新博多駅ビル 売上高目標 「年700億円、上積みも」

2010年11月18日 00:34
来春開業する新博多駅ビル「JR博多シティ」は、売上高「年700億円弱」の目標を掲げた。カード戦略やアジア客取り込みを図り、福岡市の商業施設では、百貨店2位の博多大丸(約630億円)を超える水準を目指す。JR九州の唐池恒二社長は17日の会見で「700億円を超えるよう、さらに上積みの努力をしたい」と力を込めた。

 売上高目標は核テナントの博多阪急が370億円、専門店街「アミュプラザ」(東急ハンズなど含む)が300億円、地下の食堂街「博多1番街」20億−30億円と弾く。

 博多阪急アミュプラザはともに主要客層を30歳前後の女性に想定。競合の懸念もあるが、唐池社長は「客層が重なる中で競争、協調していく」と意に介さない。男性客には、九州初上陸の雑貨大手、東急ハンズでアピールする戦略だ。

 JR九州のクレジットカード会員には、アミュでも阪急でも買い物ポイントを付け、駅ビル全体での囲い込みを図る。

 クルーズ船で福岡への来訪が増えている中国人客も重視する。銀聯カードの導入や通訳を配置。近くに大型バスの駐車場も確保する予定だ。

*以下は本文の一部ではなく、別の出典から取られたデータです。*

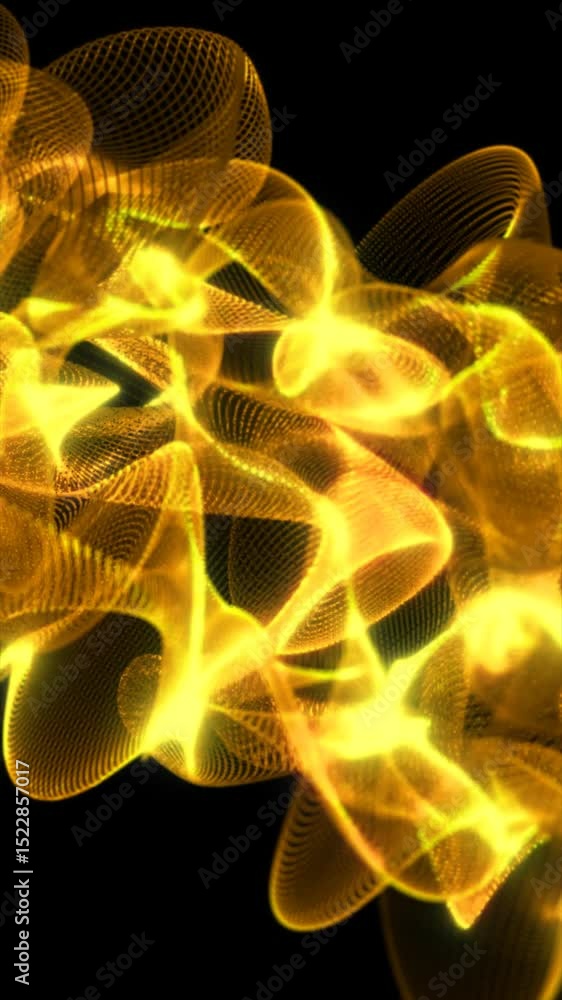 Poster abstract golden light waves intertwine in a dynamic mesh pattern on a black background, creating a s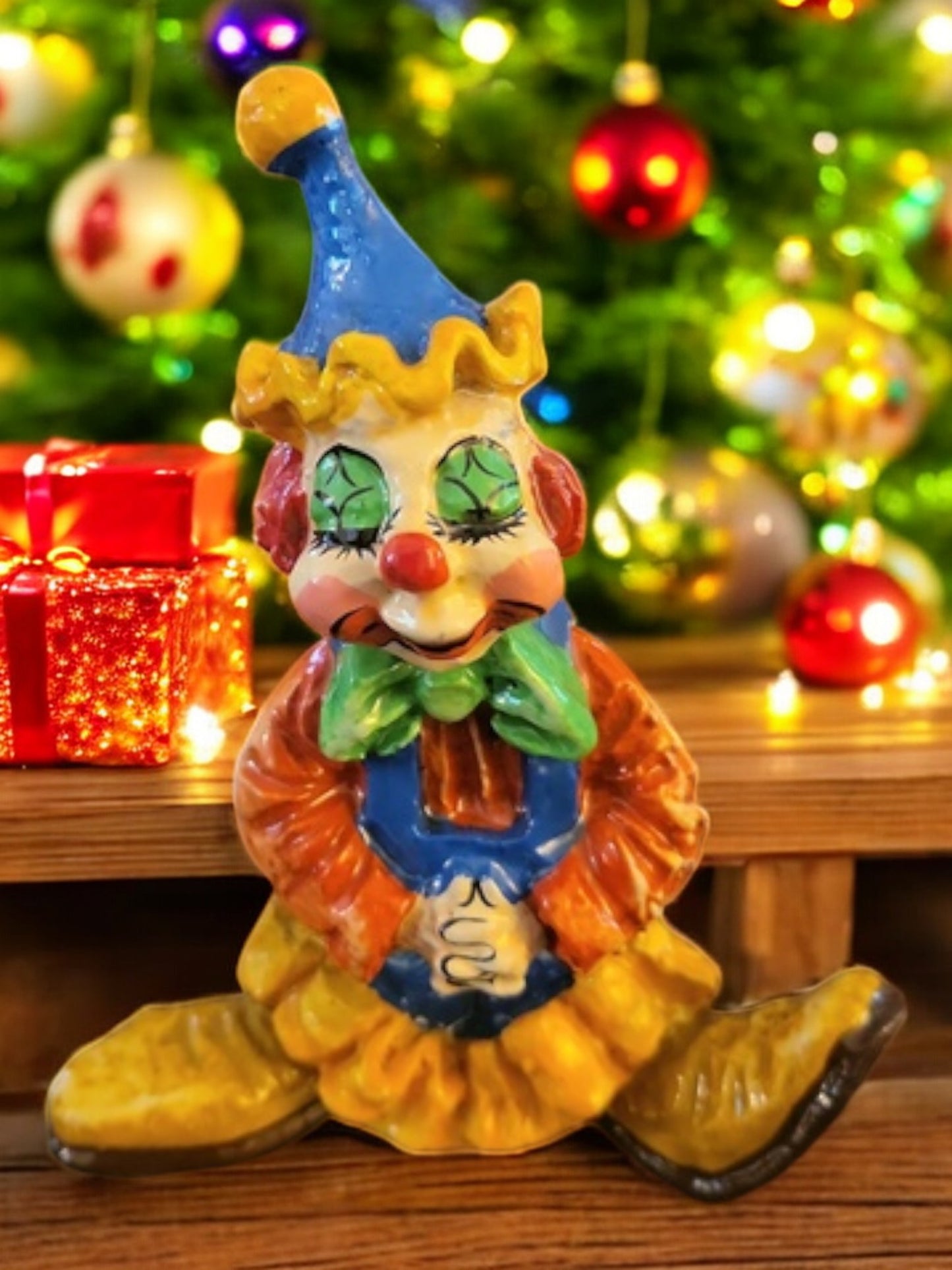 One Colorful Clown Figurines Handmade Originals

 最大の強みは、1日に35万人が利用する九州最大の「集客装置」である博多駅。テナントにとって「全国最後の好立地」ともいわれ、新駅ビルでは、人気ブランドの誘致に成功した。鉄道事業が先細る中、新駅ビルで賃料収入40億円の増収を見込む。

 他都市でも駅ビルは吸引力を持ち、1997年開業のJR京都駅ビル(延べ床面積23万8千平方メートル)の昨年度の売上高は1094億円。

 ただ、開業と同時に、九州一の商業集積を誇る福岡市・天神との競争も始まる。博多駅周辺の商業集積や天神との回遊性向上が欠かせない。唐池社長は「新駅ビルがオープンすれば、にぎわいを求め店が集まってくる」と自信を見せた。